A deep dive into why HappySoup.io really went down
If you use HappySoup.io for Salesforce impact analysis ("where is this used"), you probably know that between December '22 and January '23, the app was down for about 2 weeks. This outage affected approximately 1,700 users worldwide.
In this article, I explain in great detail why this happened. Be ready to learn about Heroku, Redis, the Salesforce API, and more.
What is HappySoup.io
HappySoup.io is a 100% free app for Salesforce impact analysis, also known as "where is this used?"
It provides the ability to see where custom fields, apex classes, etc., are used within your Salesforce org, allowing you to make changes with confidence because you will know in advance if something will break.
Here's an excellent explanation/demo of HappySoup:
What happened
Somewhere around January 7th or earlier, I started getting messages from users across different channels letting me know HappySoup wasn't working correctly.
Based on my estimates, this impacted around 1,700 users globally.
The error was also very annoying: there was no error.
Users were able to log into the app, but then when trying to query their Salesforce org metadata, they would be redirected to another page within the app. No warnings, no errors, nothing.
Just a plain old bad user experience.
What caused the issue
Long story short: The database was full, and new jobs couldn't be processed. I fixed the issue by clearing the database and changing its settings so that old data is purged when needed.
For more details, read on.
How HappySoup works
HappySoup uses the worker model suggested by Heroku:
In this model, every request to the app doesn't return data immediately. Instead, it places a job in a Redis database, and the job is processed shortly after.
The client (the frontend) pings the server every few seconds checking if the job is completed. Once completed, the client is able to retrieve data from the database.
Let's see what this looks like in the code (otherwise, this article wouldn't be interesting):
Frontend submits jobs to the backend
The first step in HappySoup is to select which metadata type you want to find references for. Let's say I want to find where a custom field is used.
To do this, I first need to select Custom Field from the drop-down, which will return all the custom fields that exist in the org.

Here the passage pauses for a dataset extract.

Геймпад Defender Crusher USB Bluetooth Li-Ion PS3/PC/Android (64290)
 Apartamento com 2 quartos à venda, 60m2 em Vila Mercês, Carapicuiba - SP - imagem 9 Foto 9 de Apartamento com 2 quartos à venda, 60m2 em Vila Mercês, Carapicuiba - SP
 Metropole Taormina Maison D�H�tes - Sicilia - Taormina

Selecting a value in the dropdown causes the following function to run on the front-end
async getMembers(){
let data = {
metadataType:this.selectedType
}
let fetchOptions = this.createPostRequest(data);
this.done = false;
this.$emit('typeSelected',this.selectedType);
this.submitJob(`/api/metadata`,fetchOptions);
}
The this.submitJob
function sends the job to the backend, and asks the client to check if the job is completed every 6 seconds
async function submitJob(url,fetchOptions = {}){
let res = await fetch(url,fetchOptions);
let json = await res.json();
let {jobId,error} = json;
if(jobId){
intervalId = window.setInterval(checkJobStatus,6000,jobId);
}
else if(error){
apiError.value = json;
done.value = true;
}
Requests are stored in a database
Finally, in the backend, an entry is created in the database, in the form of an entry in a queue
let jobDetails = {
jobType:'LIST_METADATA',
cacheKey,
mdtype:metadataType,
sessionId:sessionValidation.getSessionKey(req)
};
let jobId = `${sessionValidation.getIdentityKey(req)}:${cacheKey}${Date.now()}`
let job = await workQueue.add(jobDetails,{jobId});
res.status(201).json({jobId:job.id});
The entry in the queue simply specifies that we need to run a job to execute a listMetadata(CustomField) call to the Salesforce API to retrieve all the fields in the org. The API call is not made immediately.

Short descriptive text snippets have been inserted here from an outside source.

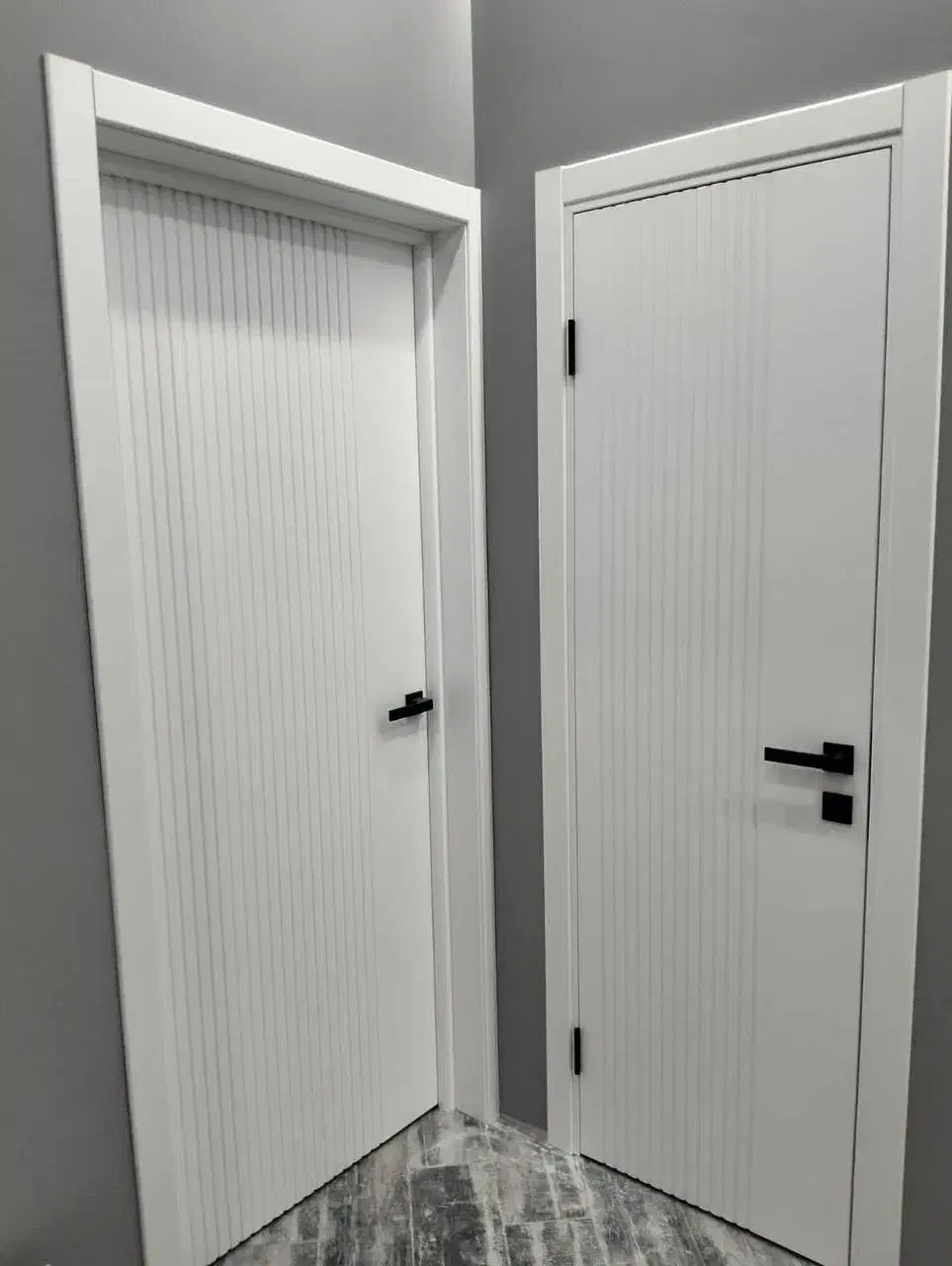 تولید درب مدل باران در مدل n11|مصالح و تجهیزات ساختمان|اندیشه, اندیشه فاز ۳|دیوار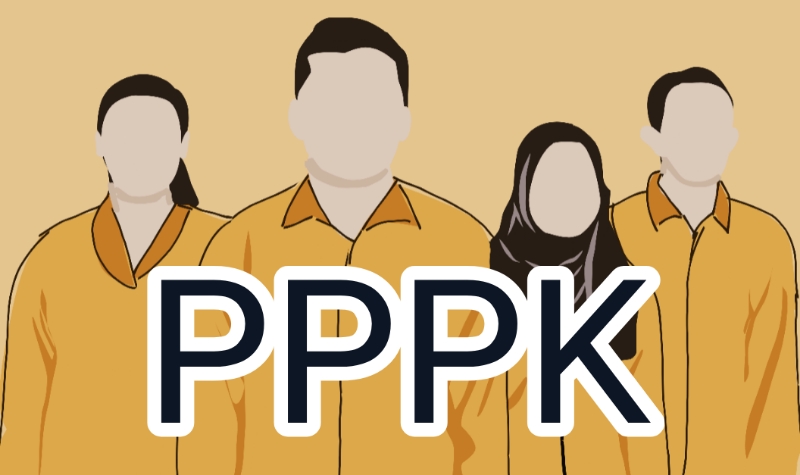 hak cuti ppk bagi ppk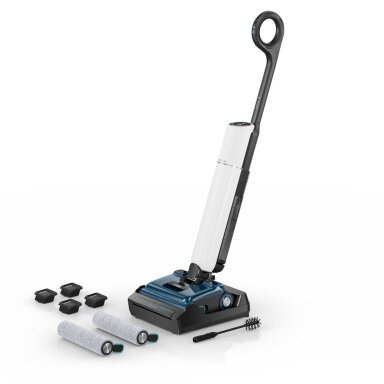 Bosch BHF41WX Bosch BHF41WX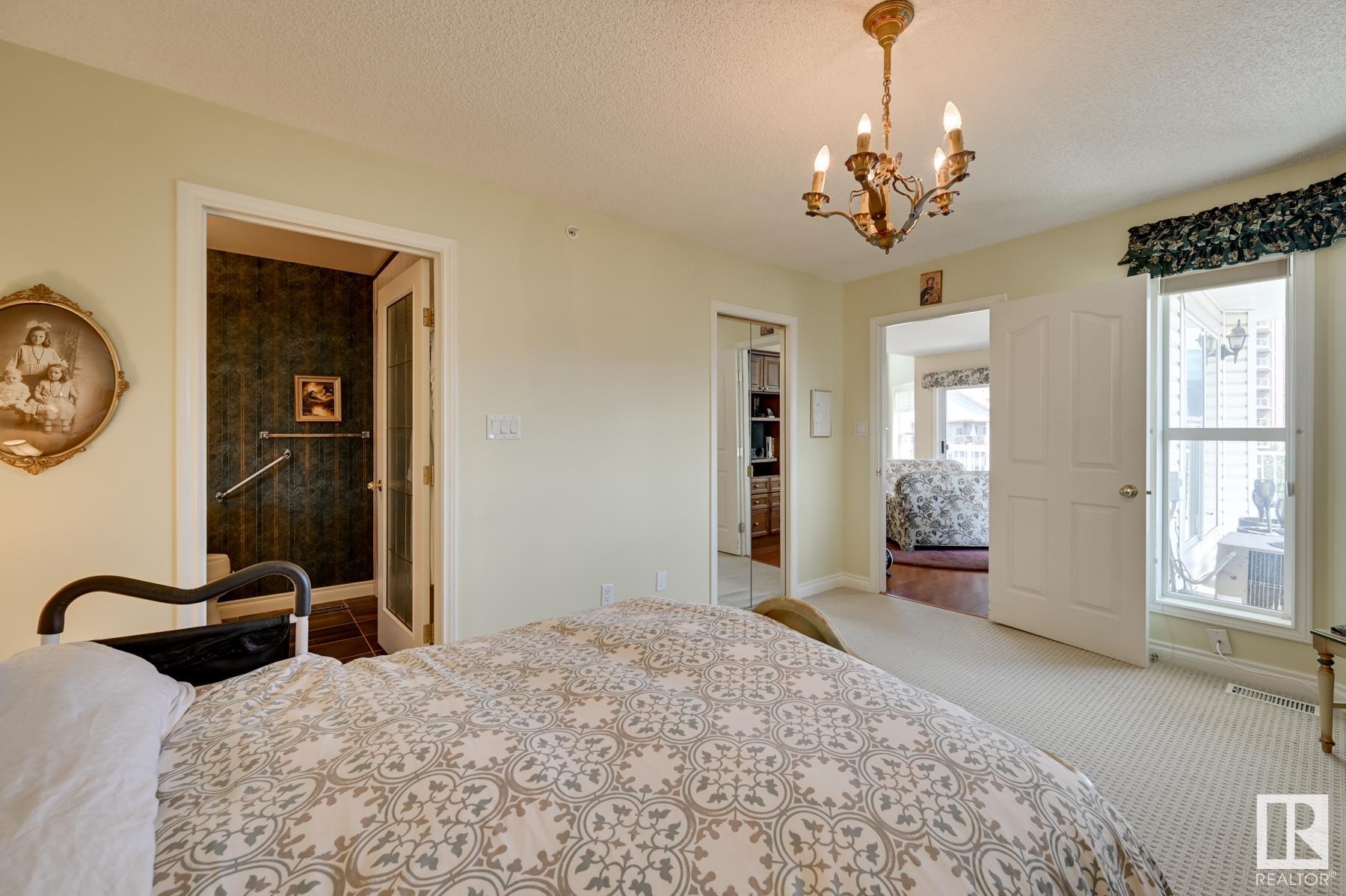      #504 10221 111 ST NW , Edmonton,  ,T5K 2W5 ;  Listing Number: MLS E4420945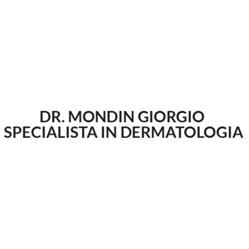Mondin Dr. Giorgio Specialista in Dermatologia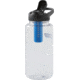Platypus Day Cap Filter, Blue, 13878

The queue processes entries in the database and calls the Salesforce API
The queue will look for new entries in the database, and process them sequentially. Once this entry is picked up, we use the Salesforce Metadata API to query all the custom fields
let mdapi = metadataAPI(sessionValidation.getConnection(session),logError);
let jsonResponse = await mdapi.listMetadata(mdtype);
When the API returns the data, it gets stored in same Redis job. Here's a screenshot of what the returned data looks like
Remember the client is pinging every 6 seconds. Once it knows that the data is available, it displays it in the UI.
What really happened
These entries in the database were not deleted after the job was processed. This caused the database to become full. New entries couldn't be added, which rendered HappySoup completely useless.

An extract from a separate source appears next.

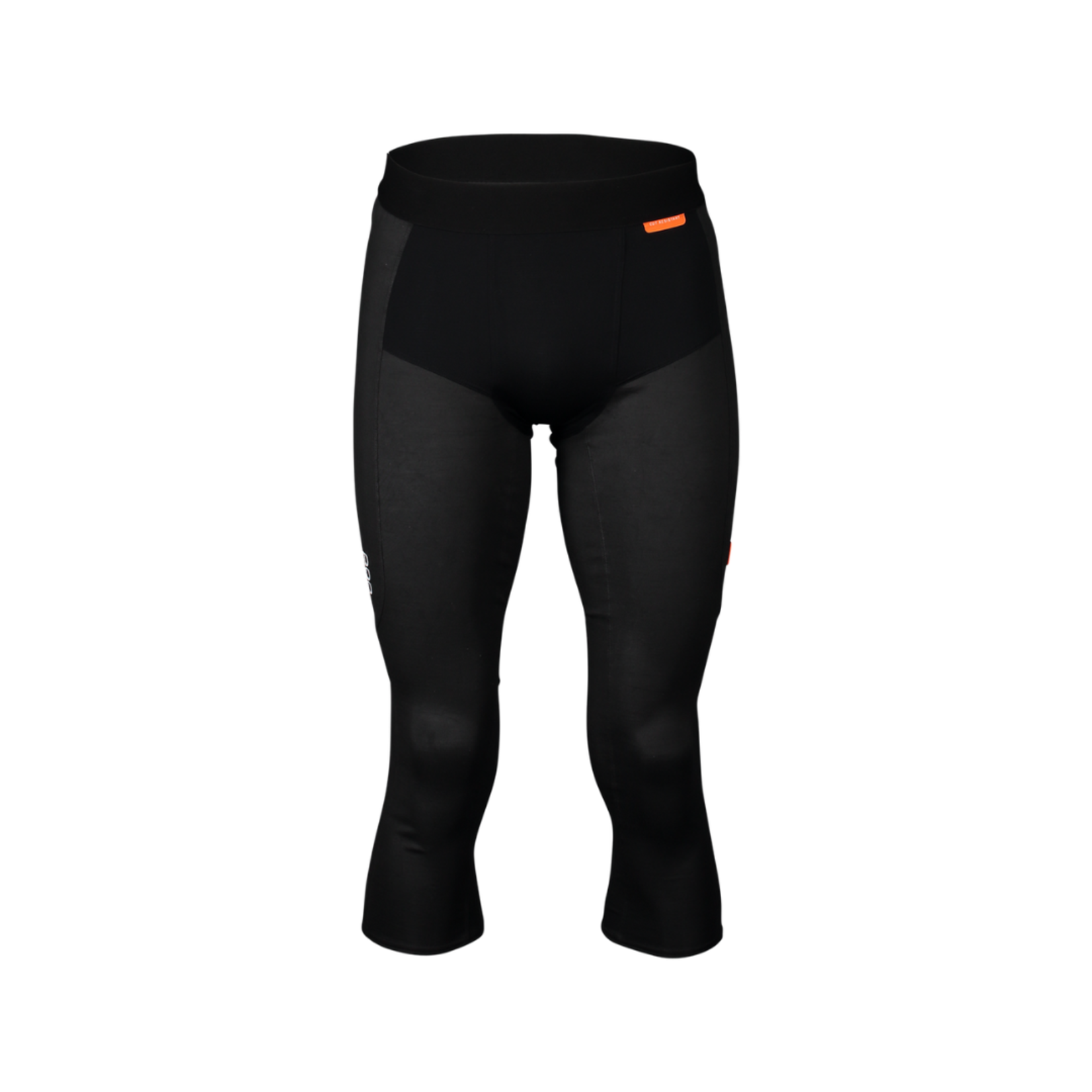 POC Men's Resistance Layer Ski Tights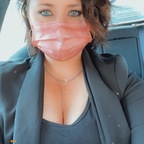 thicchippiequeen avatar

Why are the entries not deleted?
Because I'm not working with Redis directly. Instead, the entries are added by Bull, a queueing system for Redis.
If I was working directly with Redis, I could specify a time-to-live (TTL) value on each entry, thus signaling to Redis that the entry can be removed after X amount of time. But again, nowhere in HappySoup do I interact with Redis; all the interactions are done through Bull.
Bull doesn't allow setting a TTL on its entries. There is a setting that allows jobs to be removed immediately after they are completed, but this doesn't work for HappySoup because the job needs to remain in the database for at least 6 seconds to allow the frontend to ping back and get the information.
I had a mechanism to delete these entries after a few minutes but turns out this mechanism wasn't working well, so some random entries remained, and slowly but surely (over months), the database became full.
How I fixed it
This fix is 2-fold:
Improved deletion mechanism
First, I changed the mechanism to delete the entries from the database after the job is completed. Now, the entry is deleted as soon as the job is complete but after we have the data in memory, which we can send back to the client.
else if(response.state == 'completed'){
let jobResult = job.returnvalue;
if(jobResult.newCache){
req.session.cache = jobResult.newCache;
}
response.response = jobResult.response;
if(process.env.DELETE_JOB_IMMEDIATELY){
deleteJobInfo(jobId);
}
res.status(200).json(response);
}
In the above code, response.response
has the data from the job in memory. I can then delete the job and, finally, send the data back to the client with an HTTP status of 200.
Redis Configuration
Looking at the Redis docs, there's a setting that allows me to specify what should happen when the memory is full. This is known as the max-memory policy.
For some reason, this was set to noeviction
, which means Redis will throw errors when the memory is full.
Using the Heroku CLI, I changed this setting to allkeys-lru
, which means that when new entries need to be added, and the memory is full, Redis will delete the least recently used key.
heroku redis:maxmemory redis-round-11563 --policy allkeys-lru
Another alternative could be to increase the Redis memory, but I'd need to pay more for that as Redis is managed by Heroku, and it's not free. In any case, that's not really a solution because I have no use case for keeping all those entries in the database.
Conclusion
So that's it. With this settings in place, I'm hoping entries will be deleted as soon as possible and that Redis should never be full again.
Building and maintaining SaaS is hard! I'm sure there are hundreds of things I could be doing better, but there's only so much time...
Thanks for reading!